Cahit Zarifoğlu’nun çocuk okurları da daha farklı: “Her şeyi yaşamaya hakları olan ilerinin büyükleriyle bir dünya oluşturuyorsunuz ve bu sebeple de zaman zaman onların büyük hallerine hitap ediyorsunuz ”. Yine kendi sözcükleri ile Cahit Zarifoğlu, “çocukların içindeki büyüklere hitap” eden kitaplar yazdı Çocuklar için yazdıklarının büyükler için görünmelerinin nedenini de böyle açıklıyor.
Cahit Zarifoğlu’nun çocuk yazarlığı pandorasından çıkanlar bu kadar değil: “Büyüklere yazdığını; zaman bu sadece büyükler içindir Ama çocuklara diye yazarsanız bu aynı zamanda büyükler için olur” Çocuklar için nasıl yazıldığını bilmediğini açıkladığı halde bu açıklamaları yapmaktaki amacı okuru şaşırtmak mıydı? Hayır! Bu cümle, çocuk Öznenın edebiyatını yaparken pedagojik çocuk dili kullanmadığının itirafı kabul edilebilir. Şiir yazarken de prensipleri olmadığı gibi çocuk kitapları yazarken de prensipleri yoktur.

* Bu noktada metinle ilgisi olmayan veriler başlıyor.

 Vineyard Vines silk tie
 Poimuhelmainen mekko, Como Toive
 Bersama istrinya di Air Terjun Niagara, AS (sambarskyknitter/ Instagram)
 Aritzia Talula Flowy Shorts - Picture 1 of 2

Bu aynı zamanda şiire de çocuk kitaplarına da “şiir gözü ile” baktığının da itirafıydı. Çocuk yazarlığını, “Çocuk duyarlılığı ile” sürdürmesini de şöyle açıklar: ‘Büyükler içlerinde gizli bir kösede kalmış bu duyarlılığı benim kitaplarımı okurken yeniden keşfederler.” Bu yazarlık tutumu ise yetişkinlerin içlerindeki çocuğu uyandırmaktan başka bir şey değildi. Bunu daha belirgin biçimde söylemek gerekirse Zarifoğlu’nun çocuk yazarlığı yetişkinlerin çocukluğuna yöneliktir.

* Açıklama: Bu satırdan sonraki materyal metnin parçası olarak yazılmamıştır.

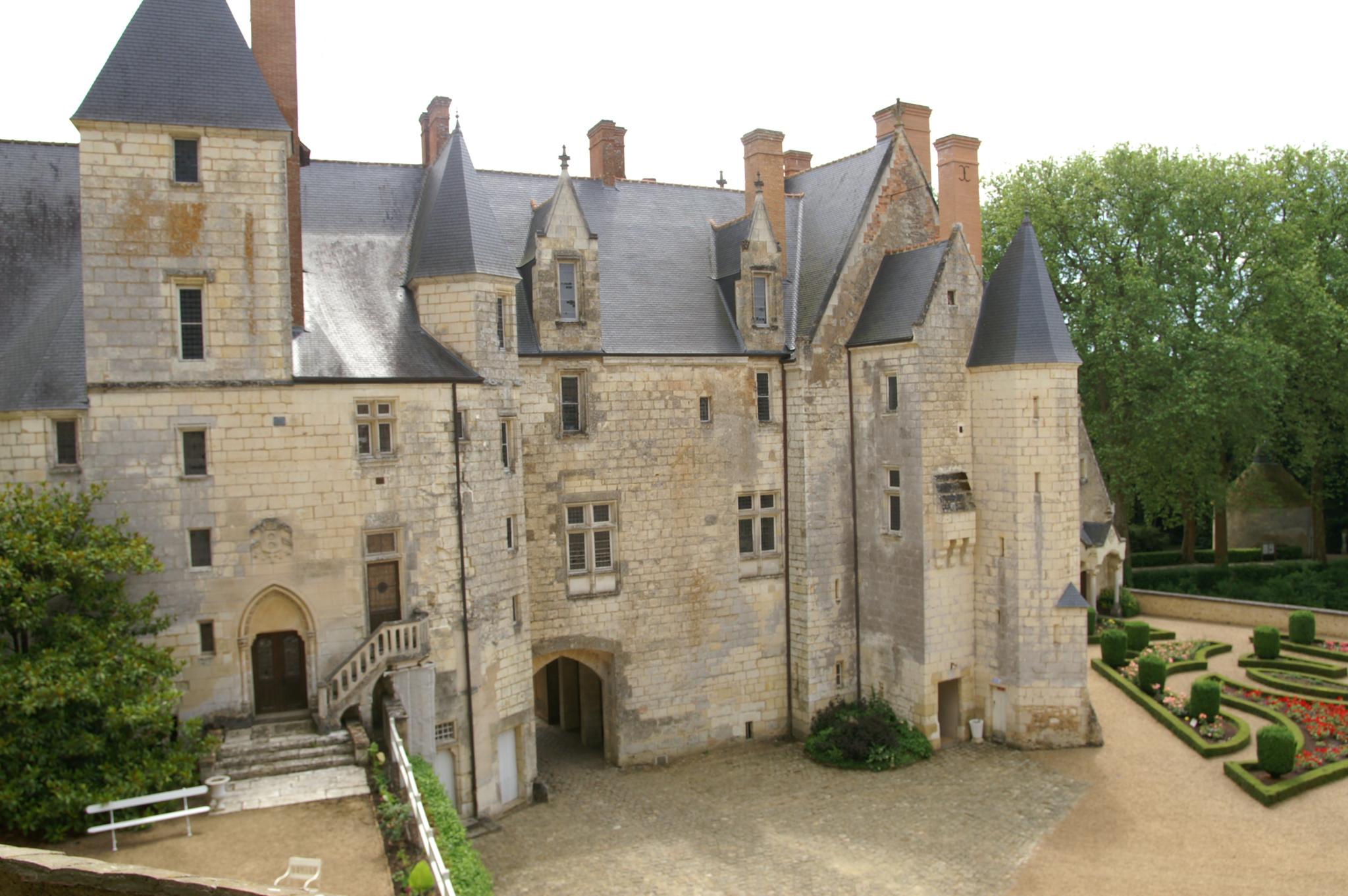 Par David Merrett from Daventry, England — Château de Courtanvaux, CC BY 2.0, https://commons.wikimedia.org/w/index.php?curid=7363023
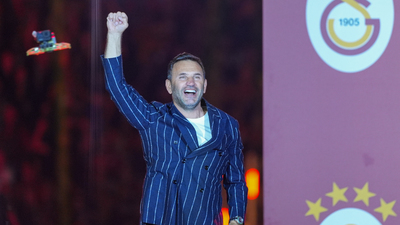 Okan Buruk'la imzalar atılıyor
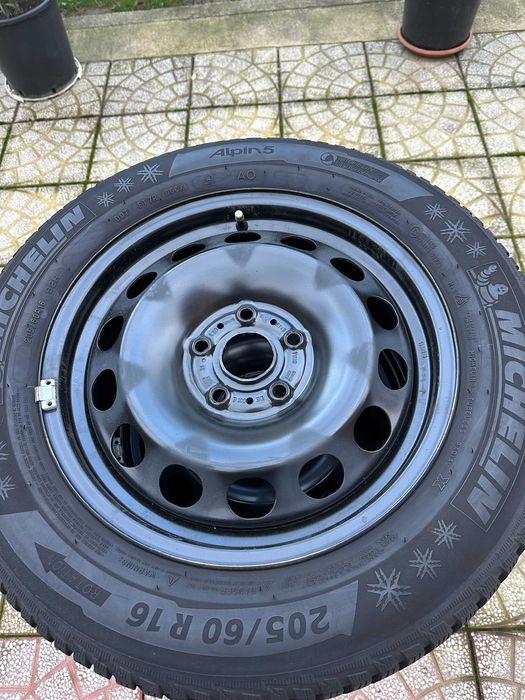 Vand cauciucuri de iarna Michelin an 2023 cu jante 205/60 R 16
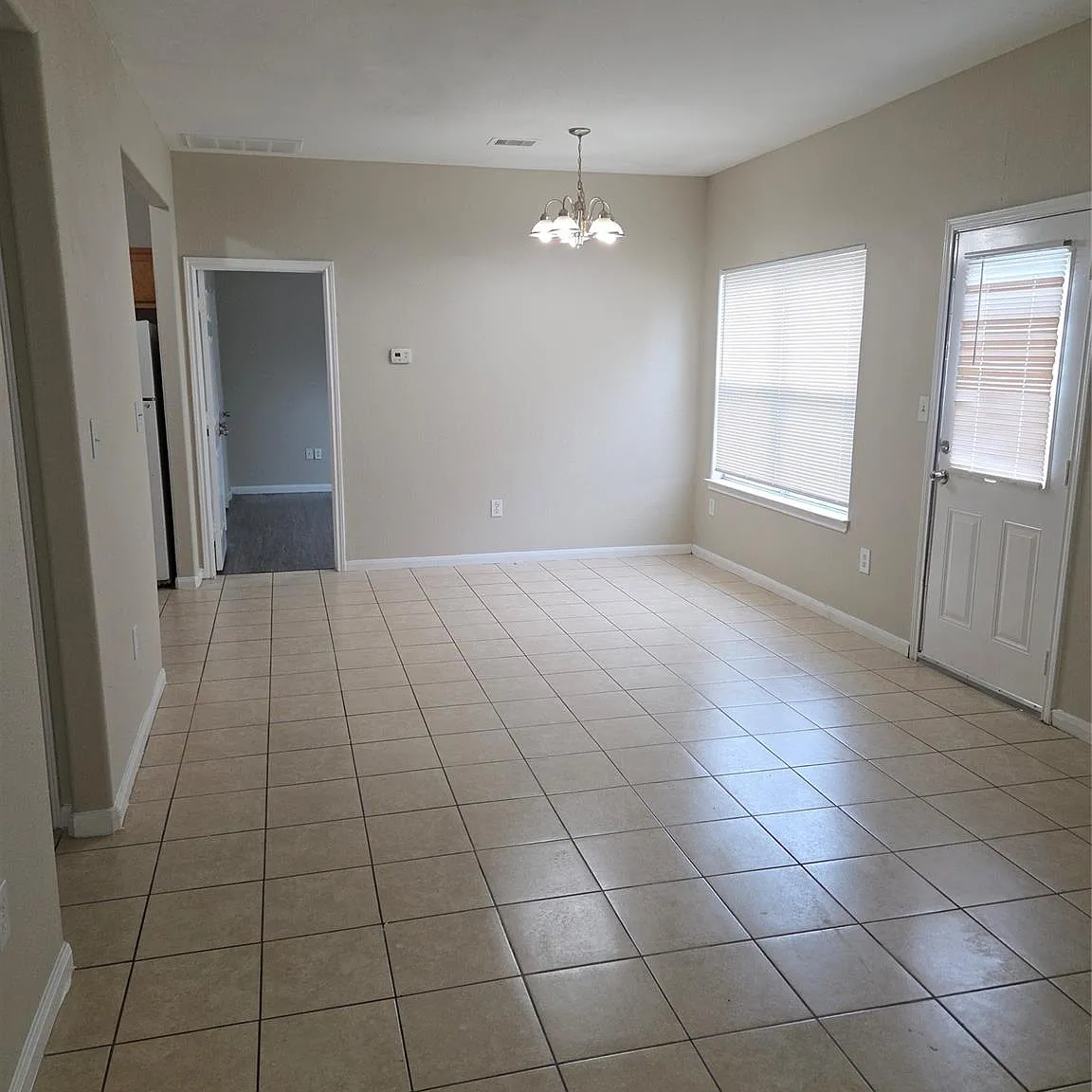 4 bed, 3.5 bath, 1714 sqft, $1,775 — Photo 1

Buna karşılık, Cahit Zarifoğlu, çocuk yazarlığına özel vurgu yapmaktan da kaçınmaz. Onun çocuk kitapları işlek bir zekânın ürünüdür. “(İhamımı veren de daima o anda çocuklar için yazmakta oluşum oldu. İtiraf etmeliyim, aşk şiirleri yazarken nasıl heyecanlanabiliyorsa bir yazar, çocuklar için yazarken de öylesine dolu dolu heyecanlanabiliyor.”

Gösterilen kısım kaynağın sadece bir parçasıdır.